Activity: The entries are to be returned exactly, with images left out.
#####
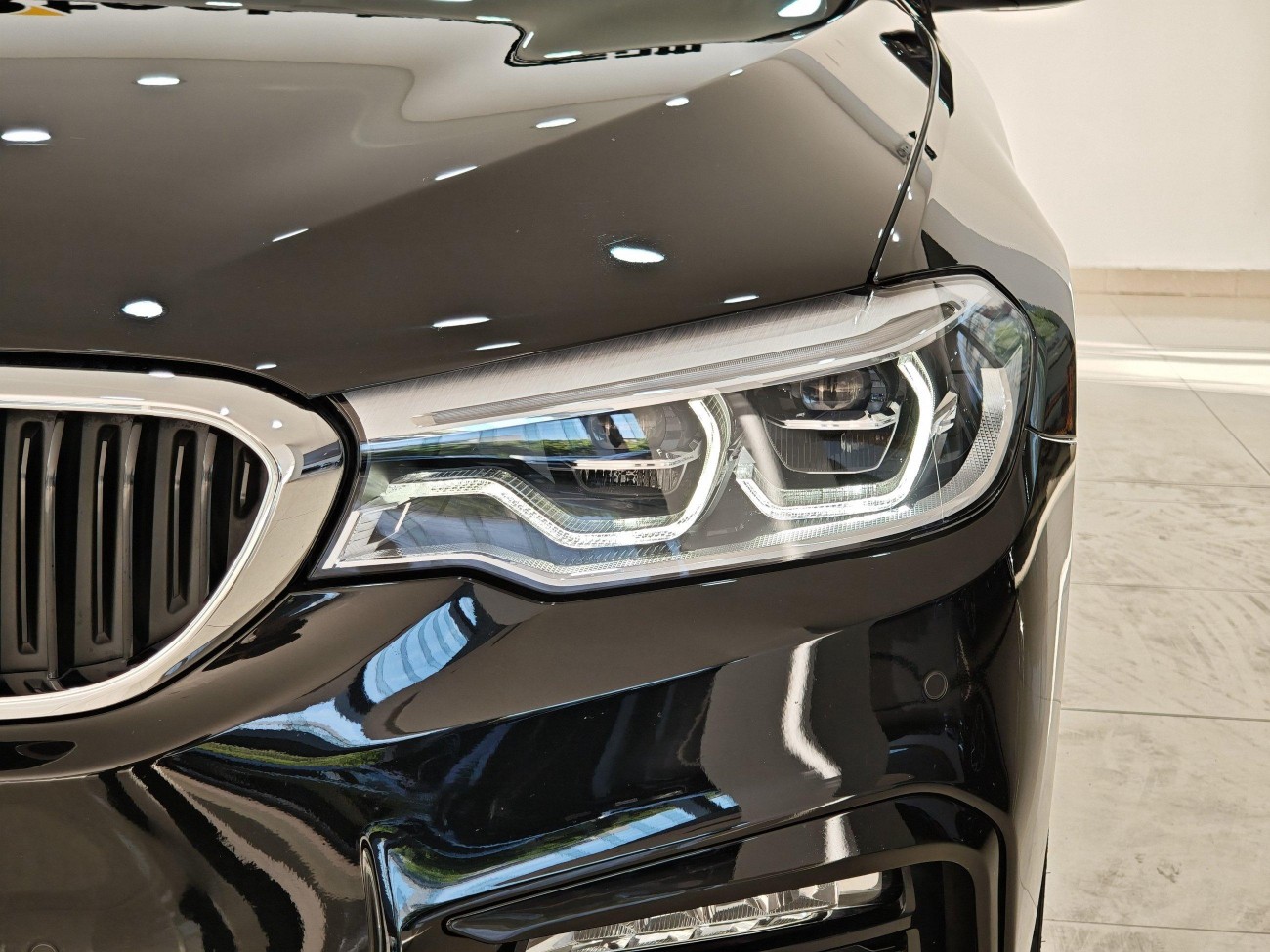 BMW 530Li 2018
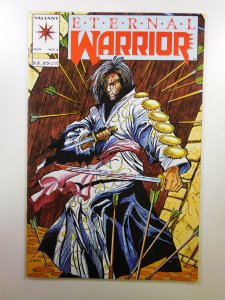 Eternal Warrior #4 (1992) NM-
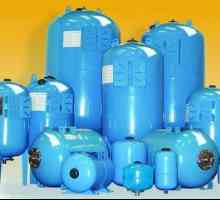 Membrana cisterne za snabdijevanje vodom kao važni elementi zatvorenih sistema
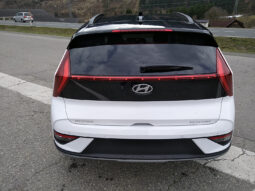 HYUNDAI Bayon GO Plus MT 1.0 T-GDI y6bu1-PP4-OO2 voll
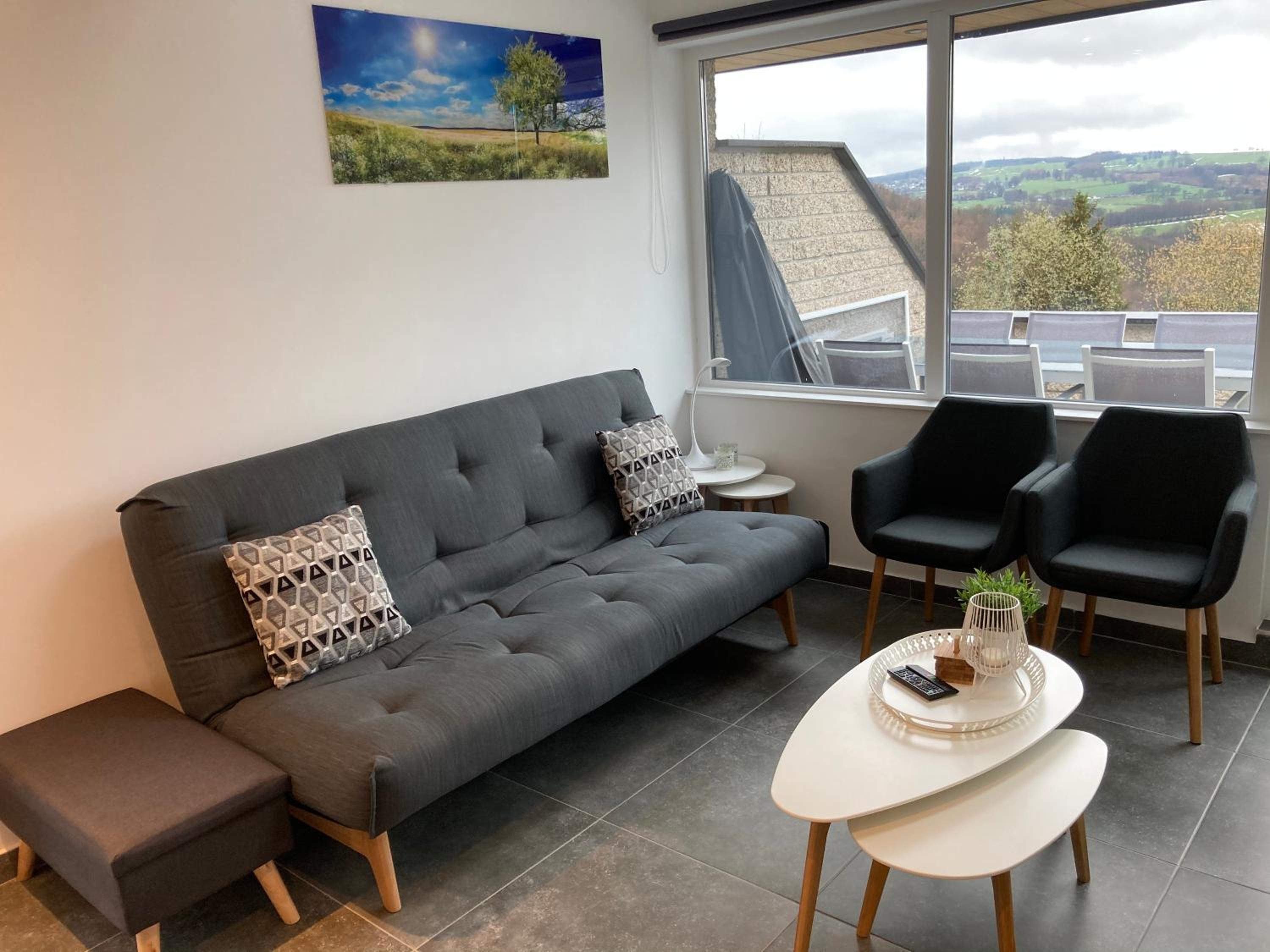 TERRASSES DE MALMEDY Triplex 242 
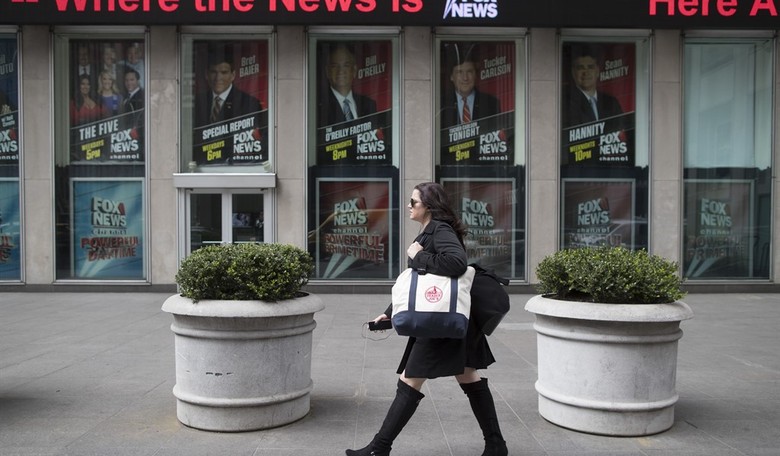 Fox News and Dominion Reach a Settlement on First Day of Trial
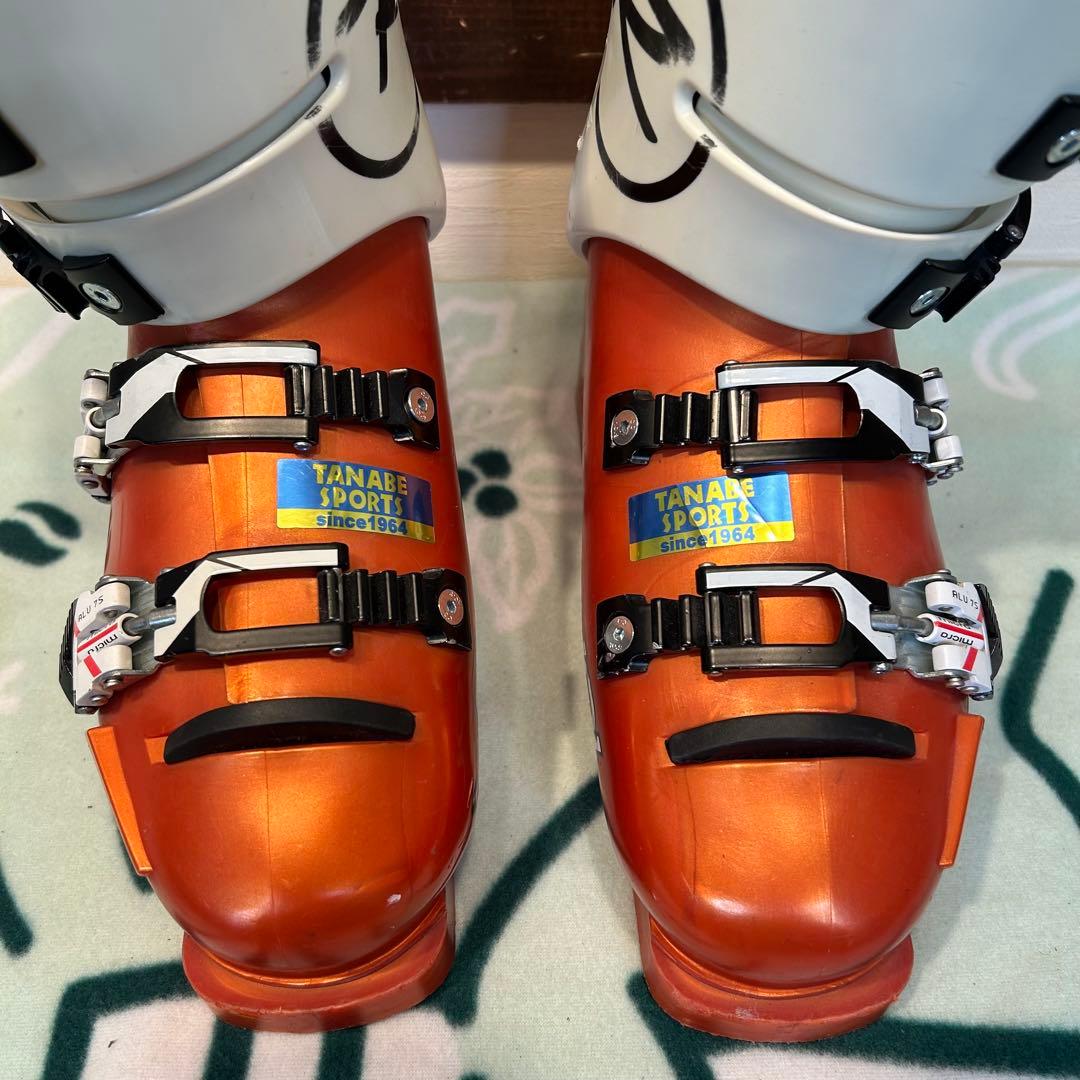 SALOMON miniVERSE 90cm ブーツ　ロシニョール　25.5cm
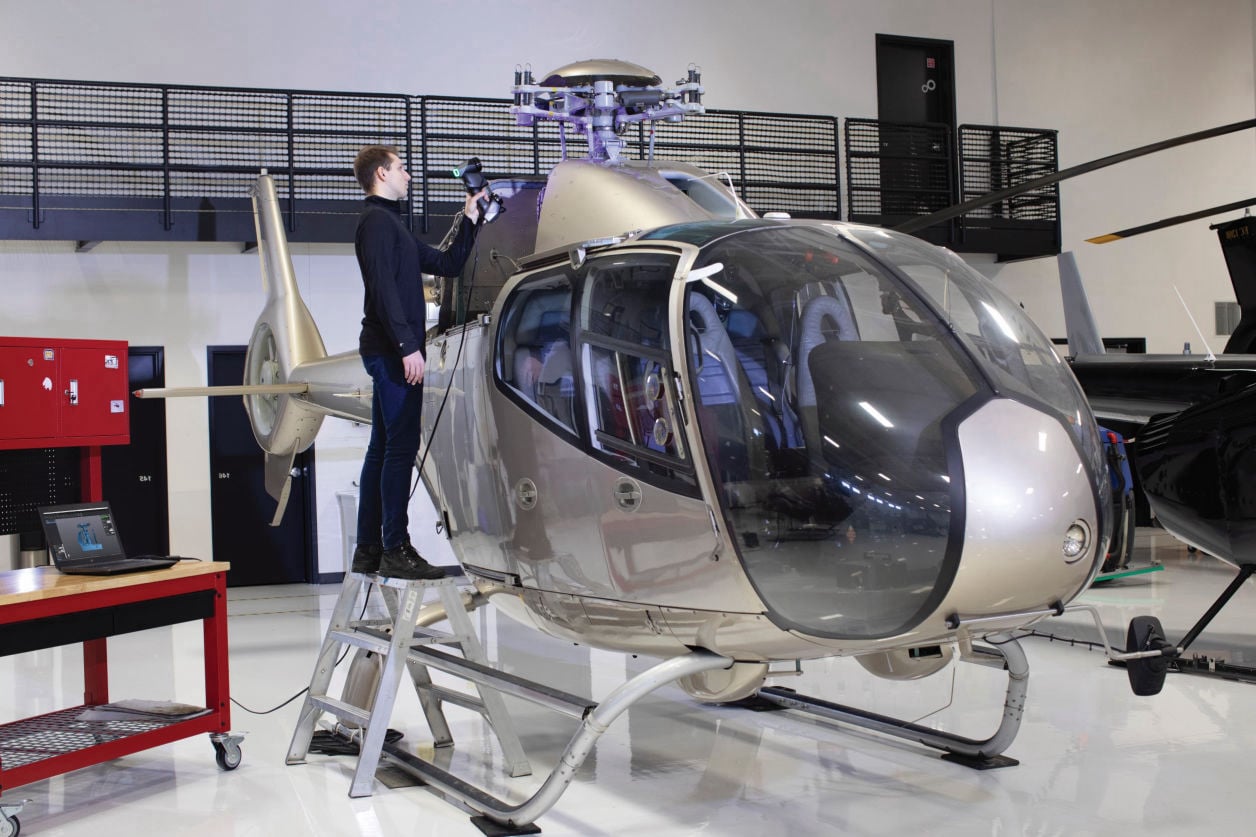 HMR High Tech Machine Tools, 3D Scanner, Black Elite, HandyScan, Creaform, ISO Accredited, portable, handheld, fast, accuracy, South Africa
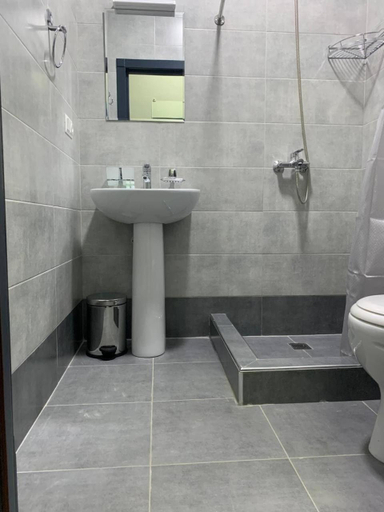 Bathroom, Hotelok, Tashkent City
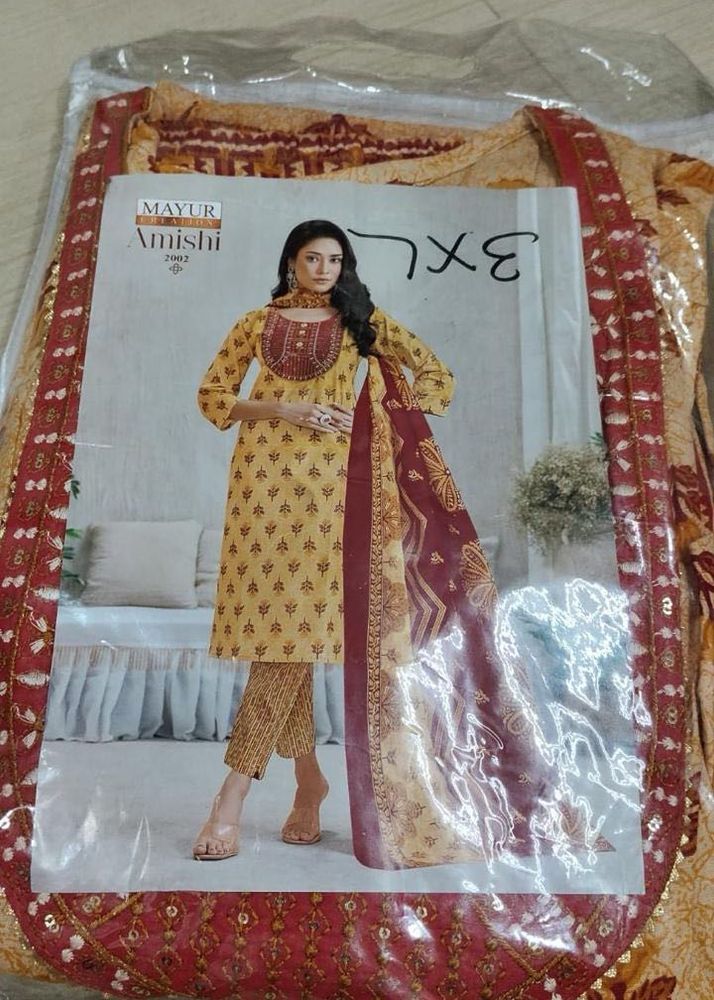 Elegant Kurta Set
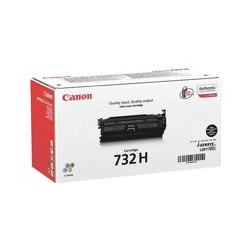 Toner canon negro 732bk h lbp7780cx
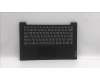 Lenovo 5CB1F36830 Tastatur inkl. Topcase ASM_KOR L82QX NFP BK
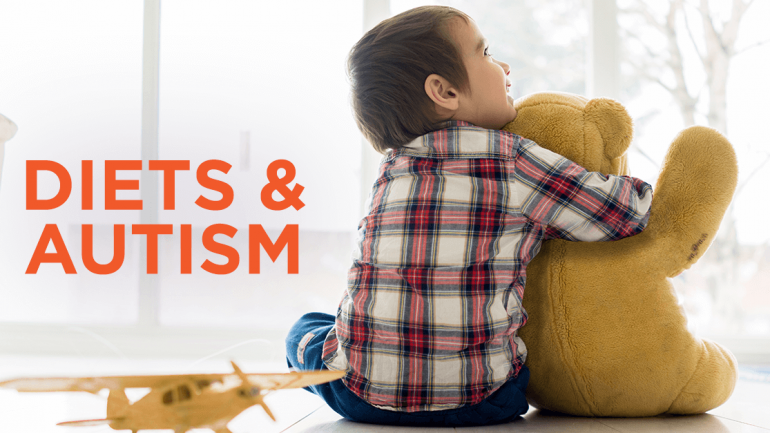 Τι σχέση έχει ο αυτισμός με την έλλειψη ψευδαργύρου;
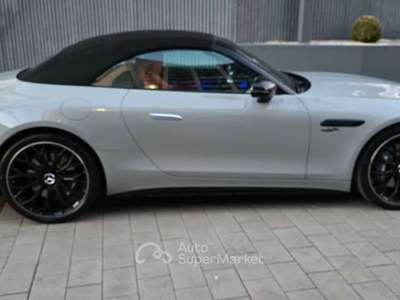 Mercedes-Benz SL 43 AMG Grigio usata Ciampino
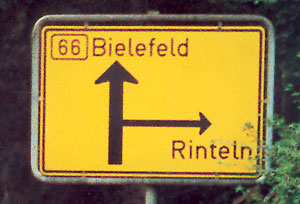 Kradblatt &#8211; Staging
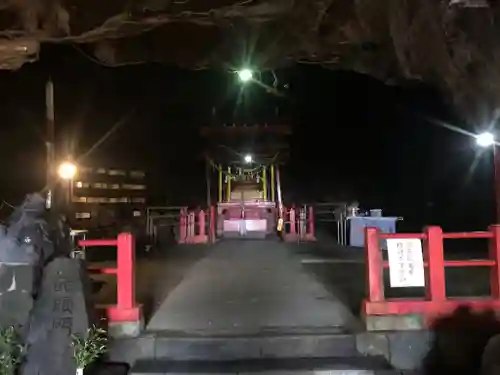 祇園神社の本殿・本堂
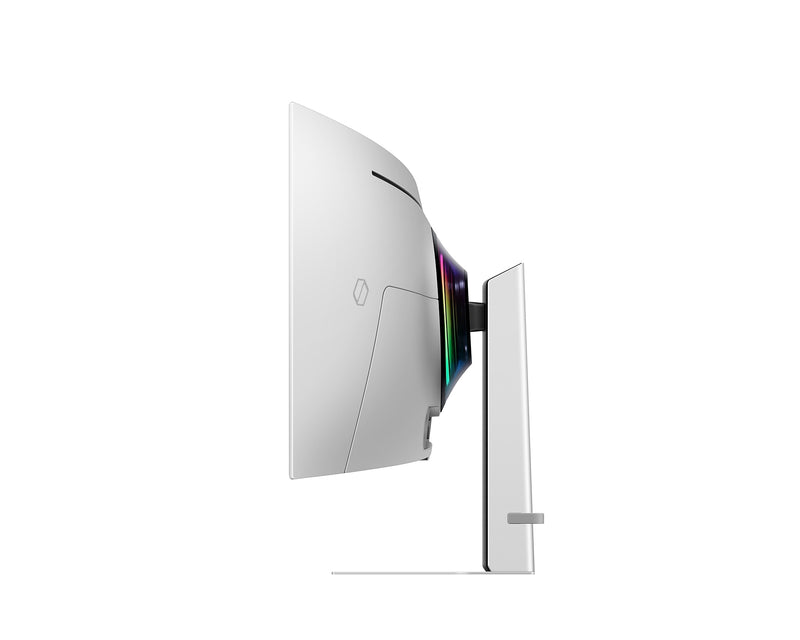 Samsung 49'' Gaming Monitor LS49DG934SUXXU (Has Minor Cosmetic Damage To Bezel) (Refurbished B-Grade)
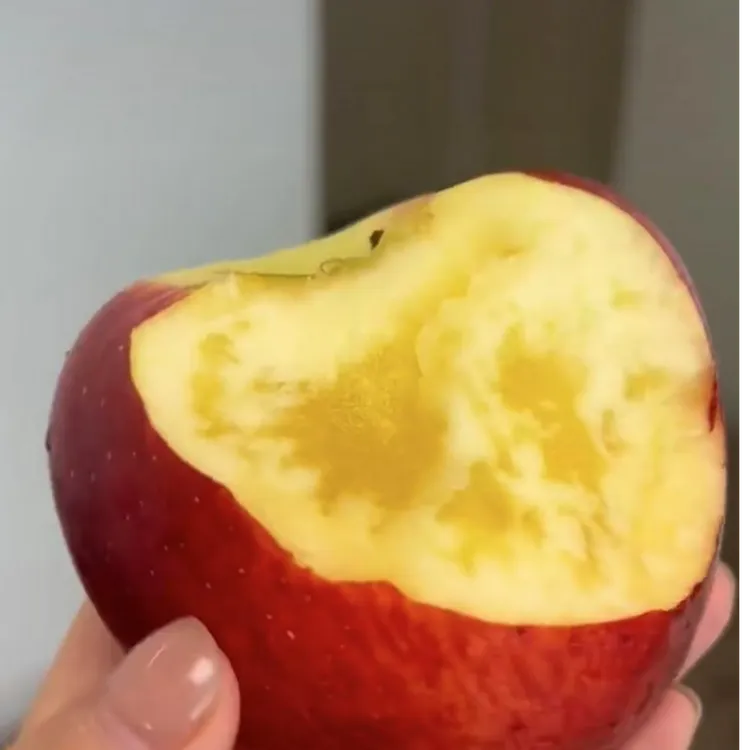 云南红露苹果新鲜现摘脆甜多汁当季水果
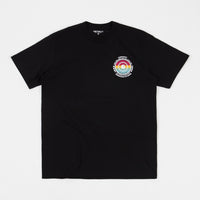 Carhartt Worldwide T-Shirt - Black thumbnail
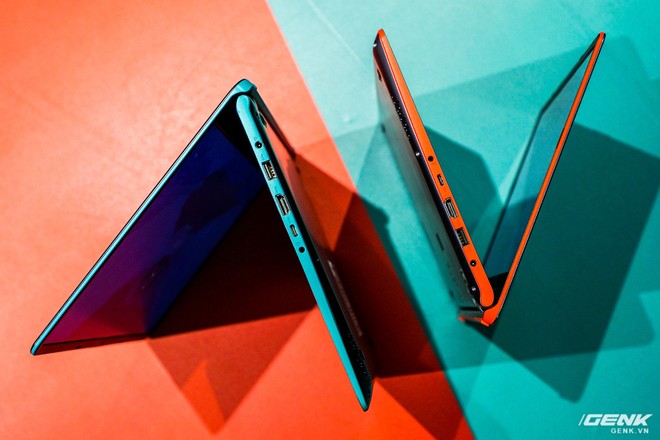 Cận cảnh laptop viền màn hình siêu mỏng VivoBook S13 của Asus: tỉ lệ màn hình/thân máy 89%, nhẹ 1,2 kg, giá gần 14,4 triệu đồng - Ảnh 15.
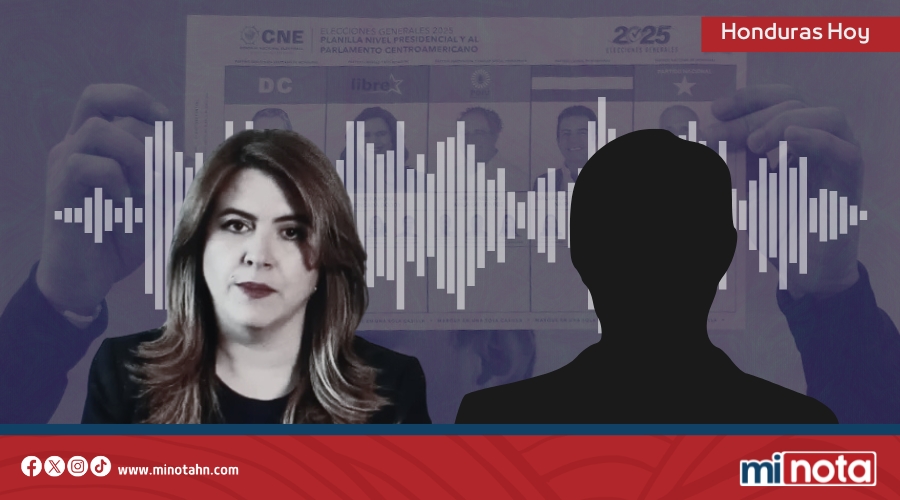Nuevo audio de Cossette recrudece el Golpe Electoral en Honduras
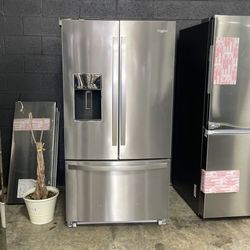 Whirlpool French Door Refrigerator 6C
#####
Expected answer:
 BMW 530Li 2018
 Eternal Warrior #4 (1992) NM-
 Membrana cisterne za snabdijevanje vodom kao važni elementi zatvorenih sistema
 HYUNDAI Bayon GO Plus MT 1.0 T-GDI y6bu1-PP4-OO2 voll
 TERRASSES DE MALMEDY Triplex 242 
 Fox News and Dominion Reach a Settlement on First Day of Trial
 SALOMON miniVERSE 90cm ブーツ　ロシニョール　25.5cm
 HMR High Tech Machine Tools, 3D Scanner, Black Elite, HandyScan, Creaform, ISO Accredited, portable, handheld, fast, accuracy, South Africa
 Bathroom, Hotelok, Tashkent City
 Elegant Kurta Set
 Toner canon negro 732bk h lbp7780cx
 Lenovo 5CB1F36830 Tastatur inkl. Topcase ASM_KOR L82QX NFP BK
 Τι σχέση έχει ο αυτισμός με την έλλειψη ψευδαργύρου;
 Mercedes-Benz SL 43 AMG Grigio usata Ciampino
 Kradblatt &#8211; Staging
 祇園神社の本殿・本堂
 Samsung 49'' Gaming Monitor LS49DG934SUXXU (Has Minor Cosmetic Damage To Bezel) (Refurbished B-Grade)
 云南红露苹果新鲜现摘脆甜多汁当季水果
 Carhartt Worldwide T-Shirt - Black thumbnail
 Cận cảnh laptop viền màn hình siêu mỏng VivoBook S13 của Asus: tỉ lệ màn hình/thân máy 89%, nhẹ 1,2 kg, giá gần 14,4 triệu đồng - Ảnh 15.
Nuevo audio de Cossette recrudece el Golpe Electoral en Honduras
 Whirlpool French Door Refrigerator 6C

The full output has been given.